* INSTRUCTIONS FOR THE TASK
Everything in the records below should be printed exactly, except the pictures.

* DATA
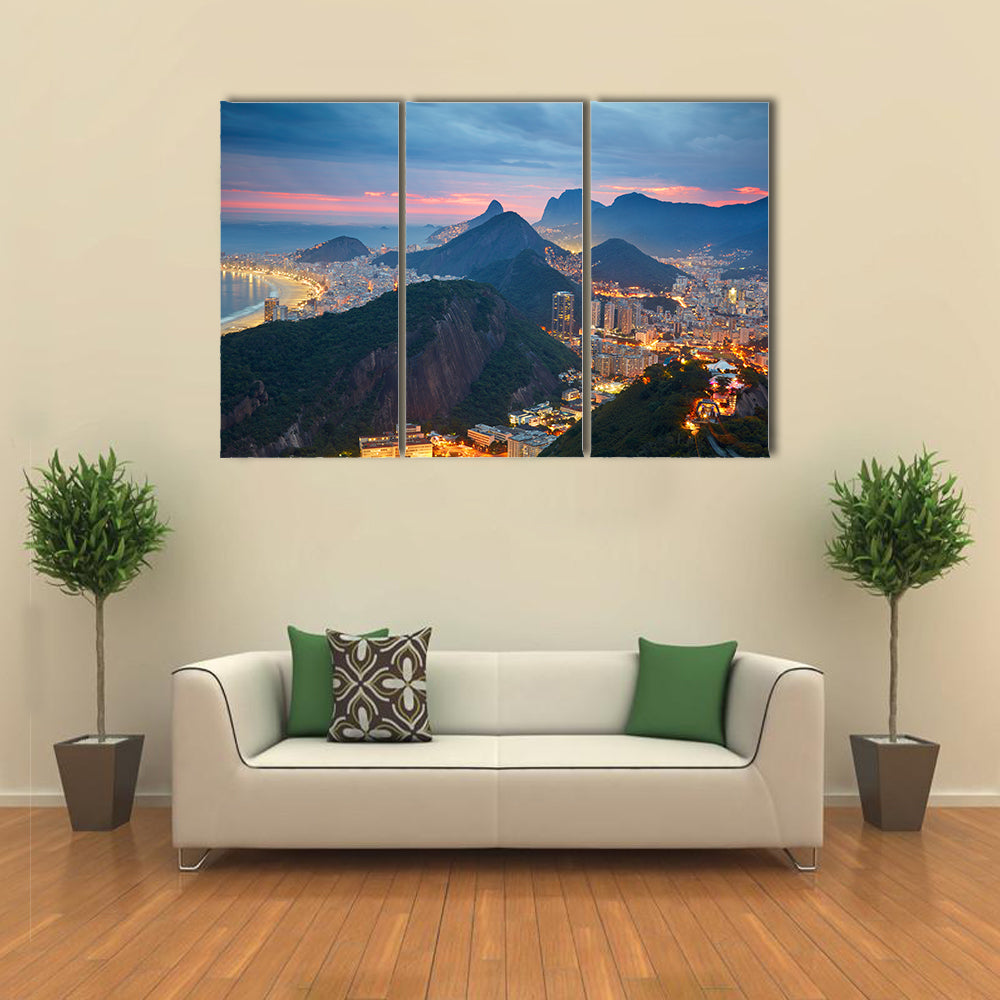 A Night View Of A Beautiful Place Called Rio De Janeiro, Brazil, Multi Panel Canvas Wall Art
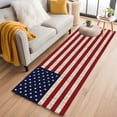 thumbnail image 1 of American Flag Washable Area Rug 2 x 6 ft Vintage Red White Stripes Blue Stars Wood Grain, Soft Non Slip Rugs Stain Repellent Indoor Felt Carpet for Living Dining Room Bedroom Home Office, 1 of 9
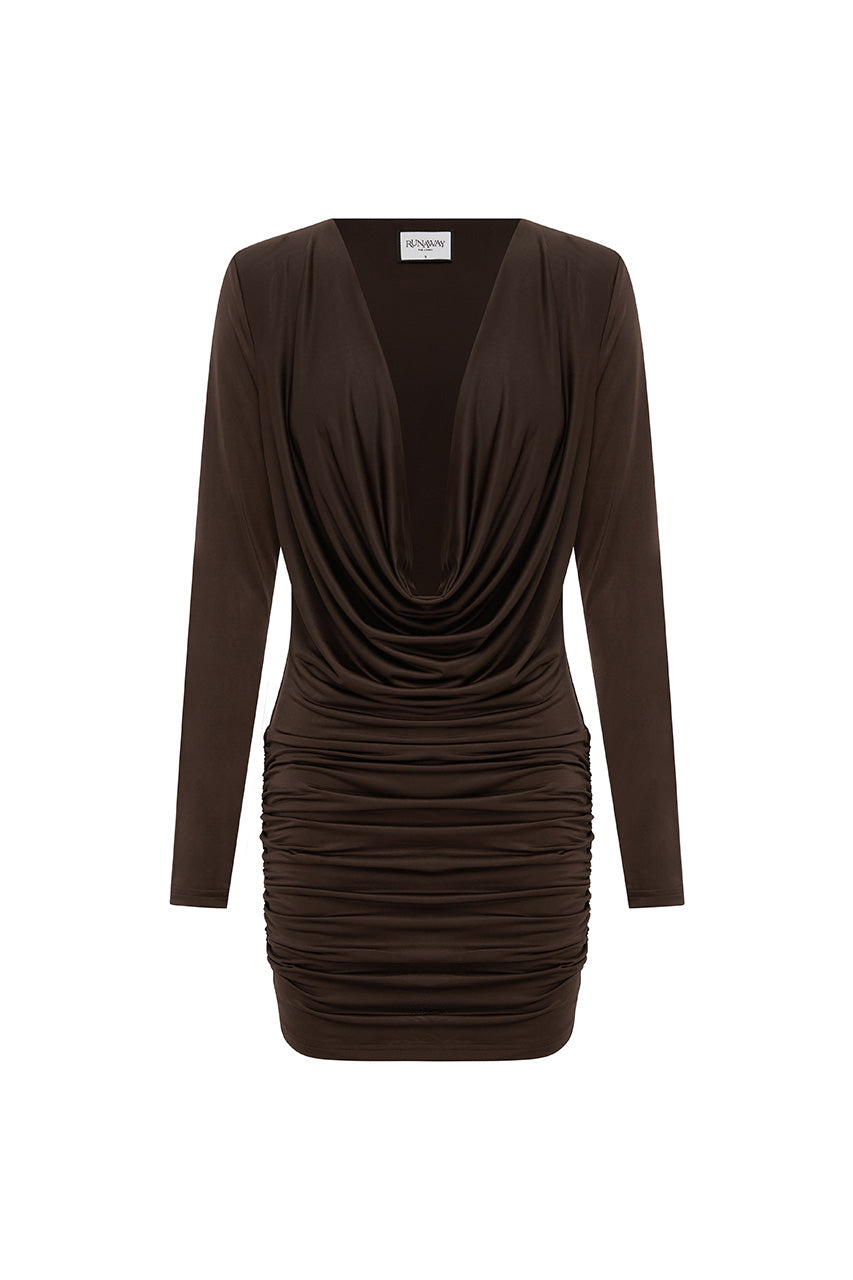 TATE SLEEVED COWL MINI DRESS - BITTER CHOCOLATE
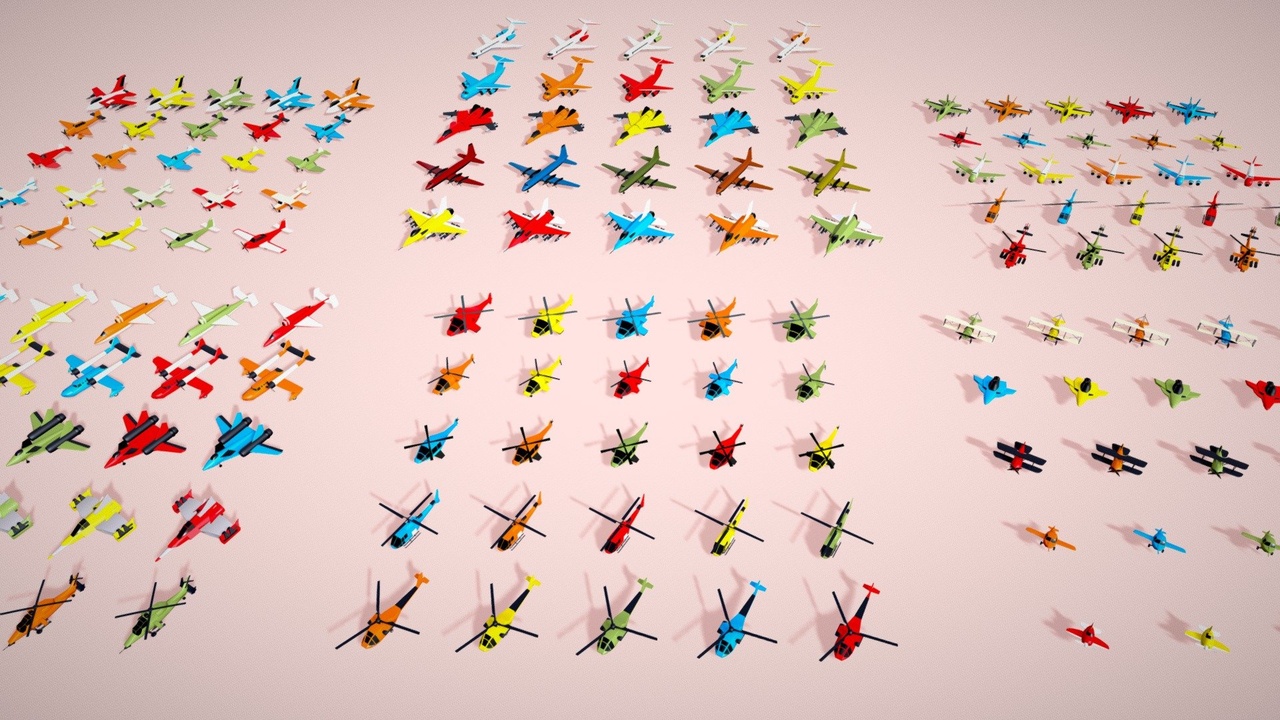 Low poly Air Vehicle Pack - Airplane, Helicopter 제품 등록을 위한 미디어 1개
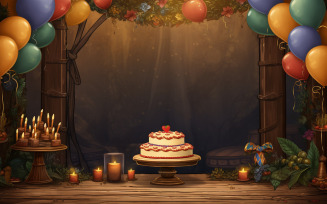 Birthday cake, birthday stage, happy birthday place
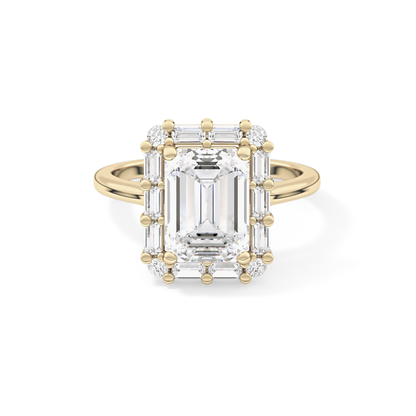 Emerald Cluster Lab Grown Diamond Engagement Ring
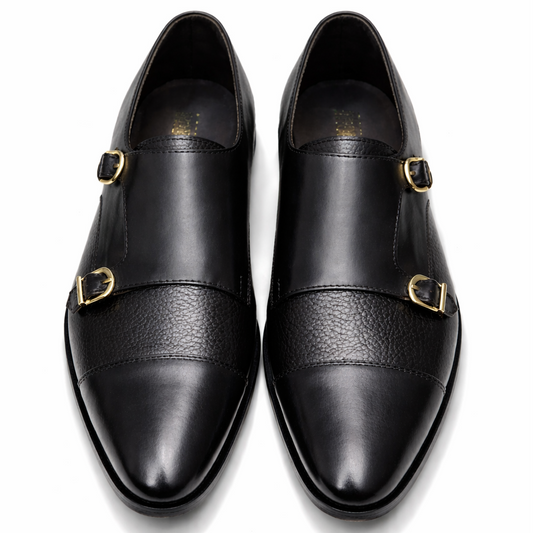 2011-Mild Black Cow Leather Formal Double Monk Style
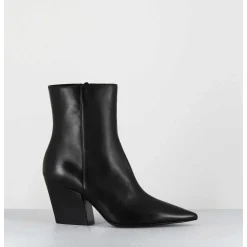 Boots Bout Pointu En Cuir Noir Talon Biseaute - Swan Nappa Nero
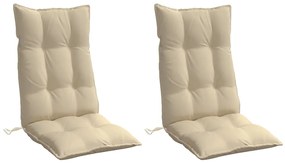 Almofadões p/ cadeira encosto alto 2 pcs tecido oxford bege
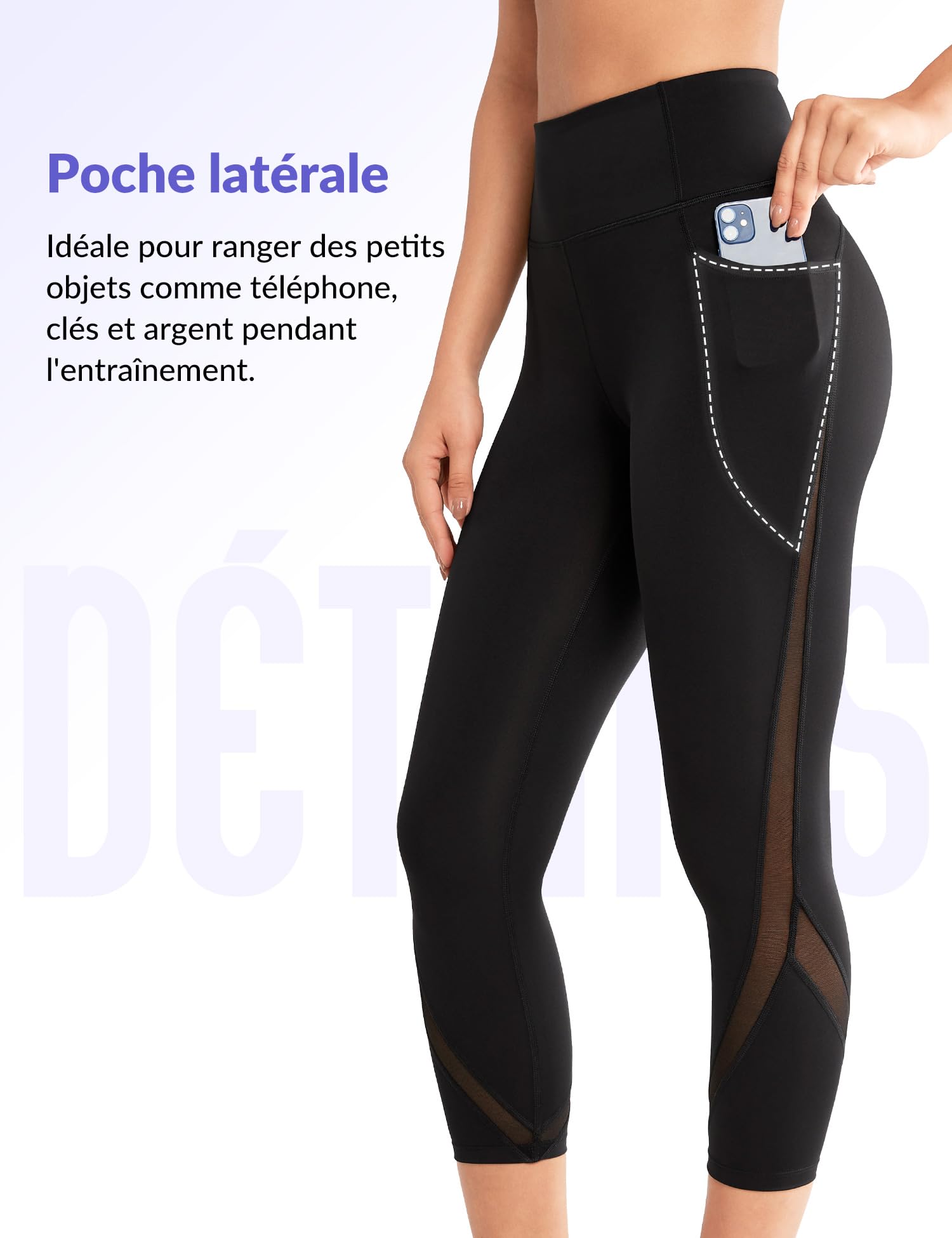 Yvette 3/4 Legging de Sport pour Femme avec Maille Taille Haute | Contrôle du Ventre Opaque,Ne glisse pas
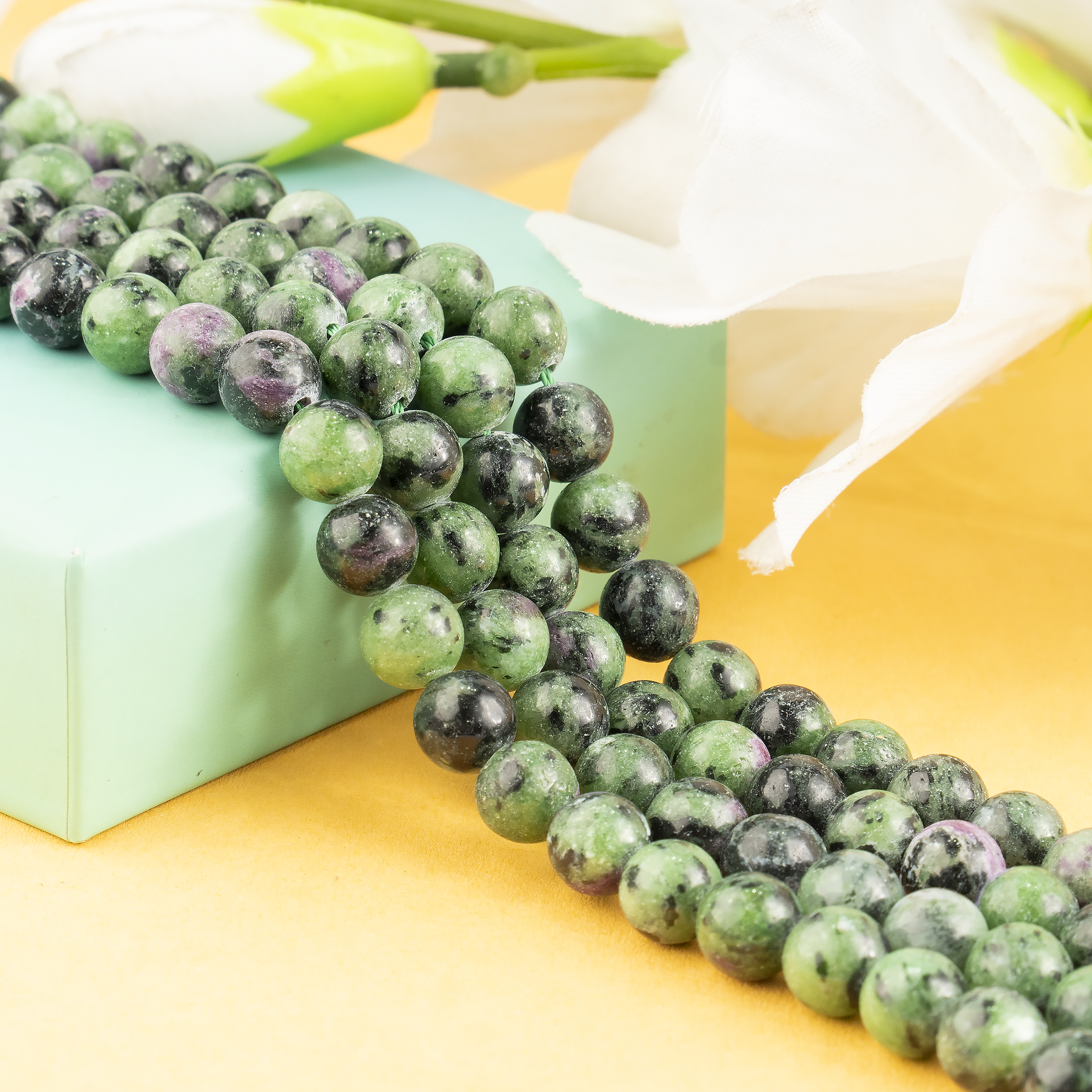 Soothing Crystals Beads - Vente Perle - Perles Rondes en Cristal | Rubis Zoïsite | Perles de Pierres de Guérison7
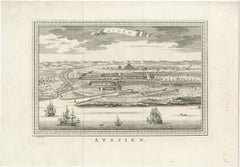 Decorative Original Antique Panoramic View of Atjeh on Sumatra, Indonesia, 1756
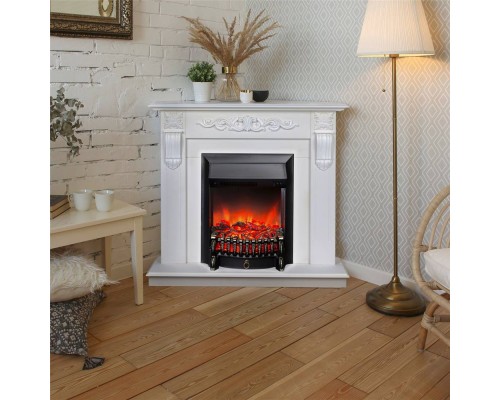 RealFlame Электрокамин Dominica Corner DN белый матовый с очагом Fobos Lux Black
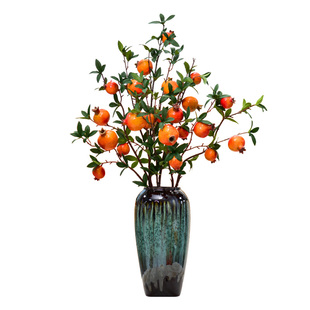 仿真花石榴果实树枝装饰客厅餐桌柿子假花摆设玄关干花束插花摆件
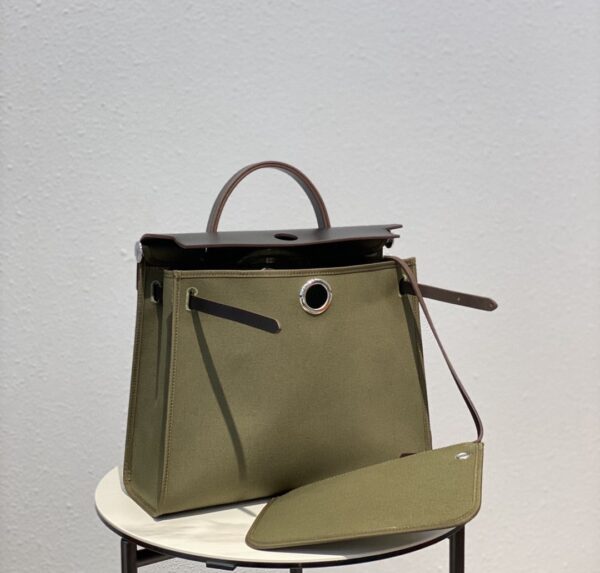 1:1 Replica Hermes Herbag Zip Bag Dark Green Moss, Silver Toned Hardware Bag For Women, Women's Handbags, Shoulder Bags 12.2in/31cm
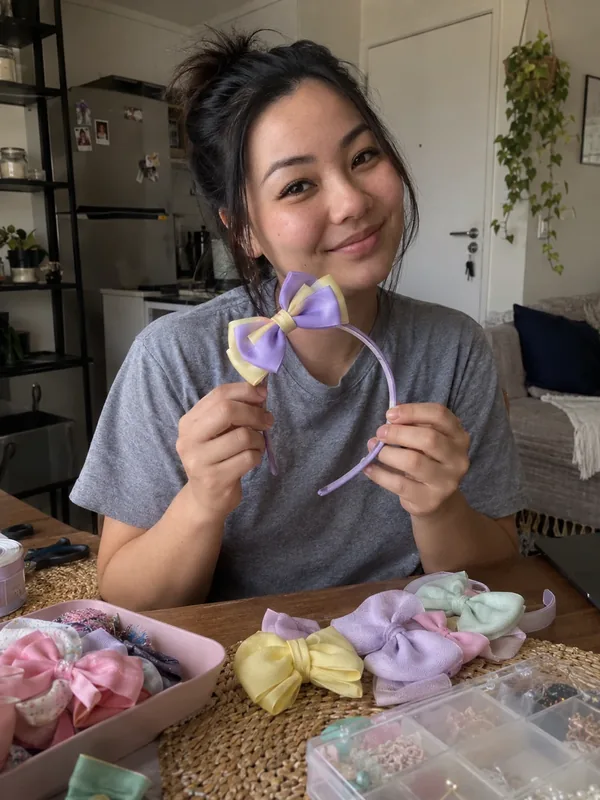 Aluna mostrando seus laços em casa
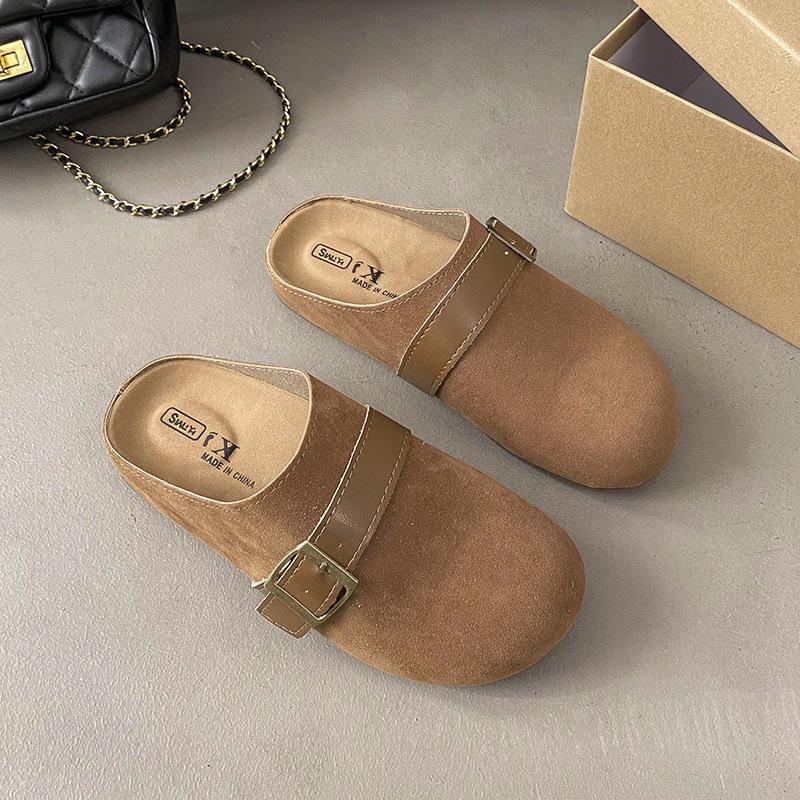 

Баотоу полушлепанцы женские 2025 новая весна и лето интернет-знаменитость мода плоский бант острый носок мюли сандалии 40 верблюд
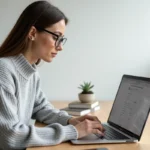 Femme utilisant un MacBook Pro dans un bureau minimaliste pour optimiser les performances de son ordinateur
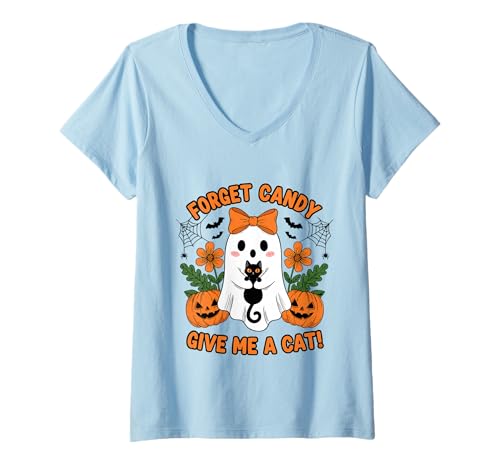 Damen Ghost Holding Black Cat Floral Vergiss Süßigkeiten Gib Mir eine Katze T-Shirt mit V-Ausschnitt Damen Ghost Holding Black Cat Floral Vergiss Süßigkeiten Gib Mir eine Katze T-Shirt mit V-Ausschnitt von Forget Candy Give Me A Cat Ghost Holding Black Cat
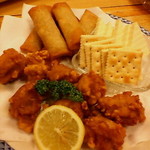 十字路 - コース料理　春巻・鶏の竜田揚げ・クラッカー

* REPLY
 A Night View Of A Beautiful Place Called Rio De Janeiro, Brazil, Multi Panel Canvas Wall Art
 thumbnail image 1 of American Flag Washable Area Rug 2 x 6 ft Vintage Red White Stripes Blue Stars Wood Grain, Soft Non Slip Rugs Stain Repellent Indoor Felt Carpet for Living Dining Room Bedroom Home Office, 1 of 9
 TATE SLEEVED COWL MINI DRESS - BITTER CHOCOLATE
 Low poly Air Vehicle Pack - Airplane, Helicopter 제품 등록을 위한 미디어 1개
 Birthday cake, birthday stage, happy birthday place
 Emerald Cluster Lab Grown Diamond Engagement Ring
 2011-Mild Black Cow Leather Formal Double Monk Style
 Boots Bout Pointu En Cuir Noir Talon Biseaute - Swan Nappa Nero
 Almofadões p/ cadeira encosto alto 2 pcs tecido oxford bege
 Yvette 3/4 Legging de Sport pour Femme avec Maille Taille Haute | Contrôle du Ventre Opaque,Ne glisse pas
 Soothing Crystals Beads - Vente Perle - Perles Rondes en Cristal | Rubis Zoïsite | Perles de Pierres de Guérison7
 Decorative Original Antique Panoramic View of Atjeh on Sumatra, Indonesia, 1756
 RealFlame Электрокамин Dominica Corner DN белый матовый с очагом Fobos Lux Black
 仿真花石榴果实树枝装饰客厅餐桌柿子假花摆设玄关干花束插花摆件
 1:1 Replica Hermes Herbag Zip Bag Dark Green Moss, Silver Toned Hardware Bag For Women, Women's Handbags, Shoulder Bags 12.2in/31cm
 Aluna mostrando seus laços em casa

Баотоу полушлепанцы женские 2025 новая весна и лето интернет-знаменитость мода плоский бант острый носок мюли сандалии 40 верблюд
 Femme utilisant un MacBook Pro dans un bureau minimaliste pour optimiser les performances de son ordinateur
 Damen Ghost Holding Black Cat Floral Vergiss Süßigkeiten Gib Mir eine Katze T-Shirt mit V-Ausschnitt Damen Ghost Holding Black Cat Floral Vergiss Süßigkeiten Gib Mir eine Katze T-Shirt mit V-Ausschnitt von Forget Candy Give Me A Cat Ghost Holding Black Cat
 十字路 - コース料理　春巻・鶏の竜田揚げ・クラッカー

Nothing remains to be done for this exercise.